I have a great conceptual discussion with my coworkers about the use of Location header in 202 Accepted response.
The story began analyzing the behavior of PHP heade
From RFC-2616:
The entity returned with this response SHOULD include an indication of the request's current status and either a pointer to a status monitor or some estimate of when the user can expect the request to be fulfilled.
I think the key here is, "the entity", since the question here is whether we include the status indication in the response headers or in the response body. Almost everywhere an entity is referred to, it seems to imply the response body. For example:
10.5 Server Error 5xx
Response status codes beginning with the digit "5" indicate cases in which the server is aware that it has erred or is incapable of performing the request.

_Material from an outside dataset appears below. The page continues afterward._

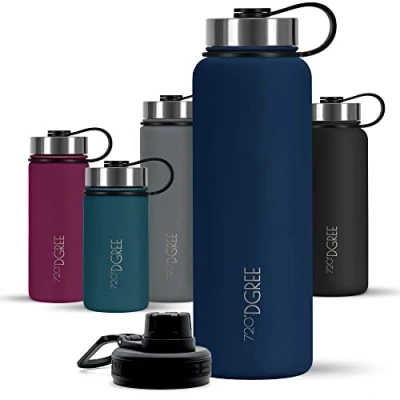 Abbildung von 720DGREE Edelstahl Trinkflasche Kinder 410ml “noLimit Auslaufsicher, für Kohlensäure, BPA Frei Thermosflasche, Isolierflasche mit Schraubverschluss Kindergarten, Schule, +Gratis Sportdeckel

Except when responding to a HEAD request, the server SHOULD include an entity containing an explanation of the error situation, and whether it is a temporary or permanent condition. User agents SHOULD display any included entity to the user. These response codes are applicable to any request method.

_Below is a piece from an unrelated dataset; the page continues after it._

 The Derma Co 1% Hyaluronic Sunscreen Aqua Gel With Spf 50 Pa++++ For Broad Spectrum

I haven't seen a browser ever display response headers to a user. And for 303s:
10.3.4 303 See Other
The different URI SHOULD be given by the Location field in the response. Unless the request method was HEAD, the entity of the response SHOULD contain a short hypertext note with a hyperlink to the new URI(s).
You won't get a hypertext response in headers.
However, section 7 is quite clear about what the entity refers to:
An entity consists of entity-header fields and an entity-body, although some responses will only include the entity-headers.
I think that in your case, what you are doing is RFC-2616-compliant. However, realistically this all comes down to client implementation. Can the client receiving your 202 response handle a Location:
header for a 2xx
response? That should be your litmus test for how to respond, and is also the test used to drive standards during their standardization/documentation.